As you noted, the orcs were torn to shreds. The party had powerful, area-affecting debuffs available, and used them. Meanwhile, due to the extreme degree to which the orcs outnumbered the PCs (5:1), we expect that the orcs were commensurately low-level (the CR guidelines would suggest that their numbers alone represent a CR increase of about +8, which means even if these were 1st-level orcs, the CR guidelines consider this a CR 9 encounter).

The issue is that 1st-level characters are going to have a very hard time saving against 6th-level characters’ save DCs, and a very difficult time hitting 6th-level characters’ AC. At 6th-level, the druid could easily have gotten some quality non-metal armor, the fighter would probably be in full-plate or magic armor, and even the sorcerer might have a mithral buckler and mage armor already up before the fight began. The spellcasters have 3rd-level spells available, and should have +2 to their primary casting ability, which means their DCs have been improved by +2 to +3 relative to their 1st level selves. And 1st-level orc warriors aren’t exactly noted for their saving throws in the first place.

So in a lot of ways, you don’t want to use encounters this large. They rarely pose significant threats, and they cause major headaches at run-time. Rather than being “medium-sized,” this is “quite large!”

That said, there are management options available

Especially if you are mapping out encounters. For example, there are “condition markers” available for sale, or that you can make yourself. For example, this guide shows you how to make these:

DIY Condition Markers

Just stick them under your miniature to indicate statuses it’s got. Or just use colored pieces of paper, like Post-Its: if you rotate them slightly with respect to one another, the corners will stick out so you can see each color (and Post-Its will stick to each other to maintain that orientation). Just about every virtual tabletop software also has similar markers to indicate status, usually little icons put in the corners of the creature’s token.
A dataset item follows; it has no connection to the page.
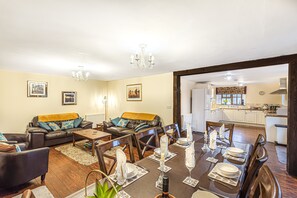 A living room with a dining area, a kitchen in the background, and a chandelier. - Spacious and Characterful 3 bedroom Detached Barn Conversion close to coast. (Hartland)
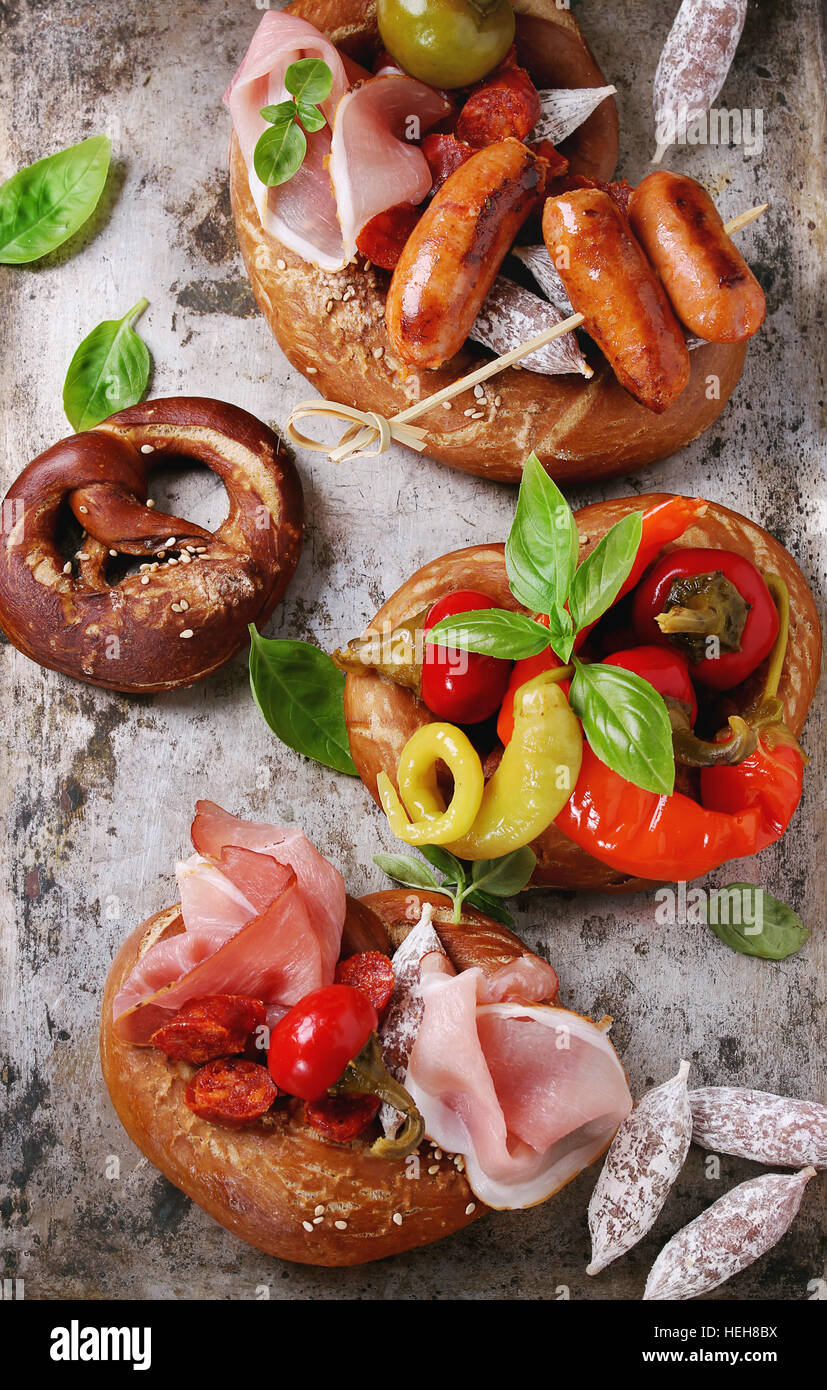 Variety of meat snacks fried sausages, wienerwurst, ham, marinated chili peppers served in salted pretzels with fresh basil over old metal background. Stock Photo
If playing “theater of the mind,” what I have usually done is simply kept track of the numbers of affected/unaffected targets, and the actual HP ratios generally just for one enemy per character: the one that character is fighting. My players tend to focus-down enemies (which tends to be an optimal strategy), so I don’t really need to worry about what’s happening to other characters. My players just say “OK, I’ going to attack one of the blinded ones,” and I note that they’re in combat with a blind one. If unblinded ones come to attack him, I note he’s in combat with one blind one and a couple of unblinded ones, and he’s hurting the blind one. If he kills the blind one, I just note that there is one fewer blind one.

Obviously, sometimes I have to get a little more detailed, such as if he leaves the blind one half-dead because the unblind ones attack and he switches to them. It happens, but basically until it does (that is, until a player singles one out), I just treat them as part of the generic group of unblind ones and that’s it.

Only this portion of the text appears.